Let each one try to realise the thoughts which followed each other in hot haste through his brain, the confused phantasmagoria which swam before him, fading away at last, and leaving only two distinct pictures—the jackdaw hopping about in his cage, and little lame Tom in the village, sitting in his cripple's chair.
He shrinks back in horror, his soul rises in loathing: he pants, and wildly throws himself about, with a half-smothered cry.
"Oh, gently, my darling! you will hurt yourself."
It is his father's voice, and he turns to him and clings tightly.
"I don't care—I don't care. I want to hurt myself. I want to die. I don't want to live like that!" At the sight of the physicians, his excitement redoubled, and he clung more tightly to his father. "No! No! Send them away! They shan't look at me, they shan't touch me. They are going to try and make me well, and I don't want to get well. I won't get well!"

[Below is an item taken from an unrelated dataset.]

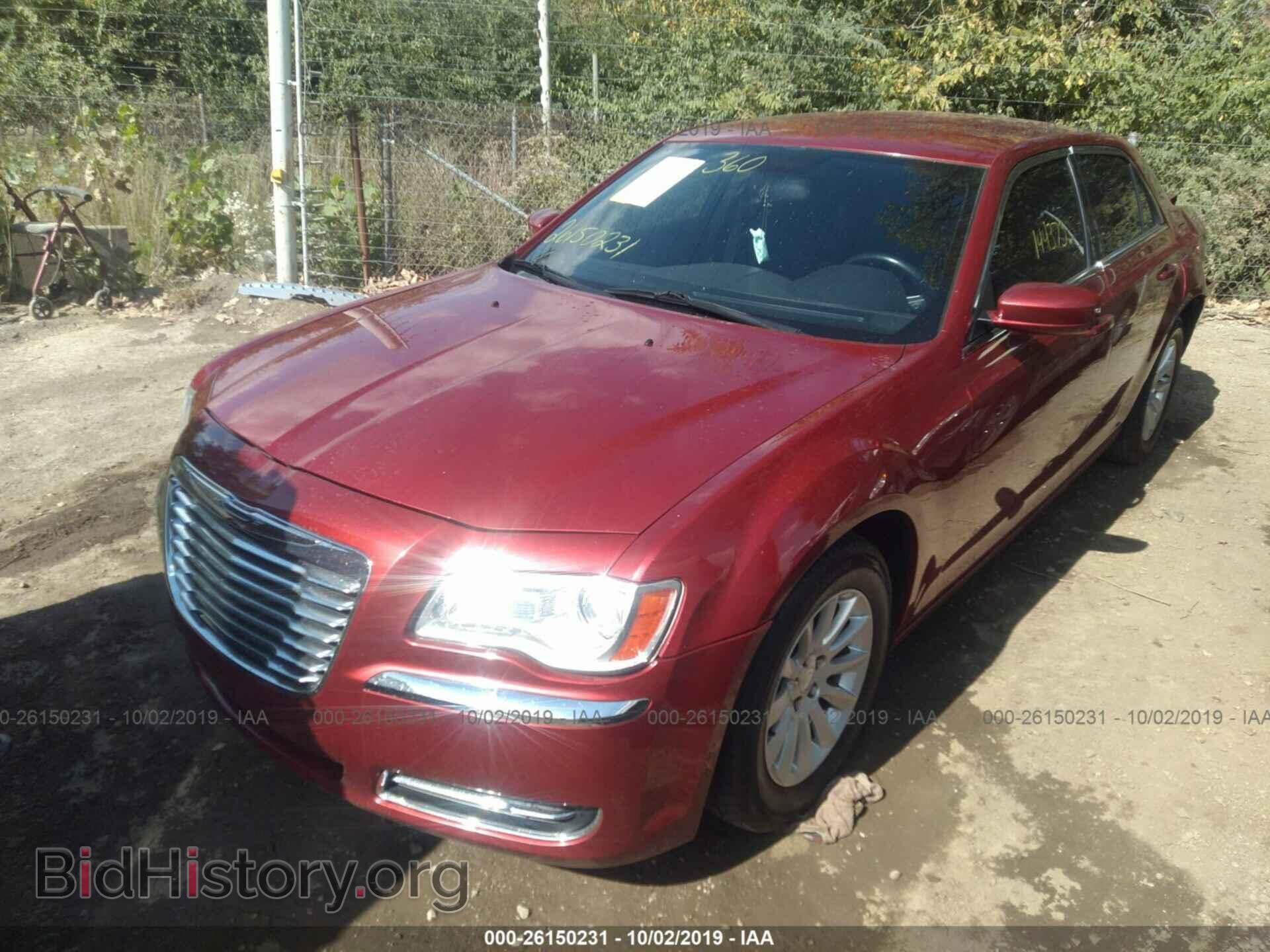 2012 CHRYSLER 300 - VIN: 2C3CCAAG8CH132885 - Фото 2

The doctors retired, as their presence excited him so much, and Sir Everard tried to loosen the boy's convulsive grasp round his neck.
Humphrey was too exhausted to retain the position long: his hands relaxed their hold, and Sir Everard laid him back on the pillow.
Once more the soft face in the picture exercises its old influence over him, and charms away, as of old, the fit of passionate rebellion.
"Father," he entreated, in a whisper, "let me die! Promise not to let them try and make me well again."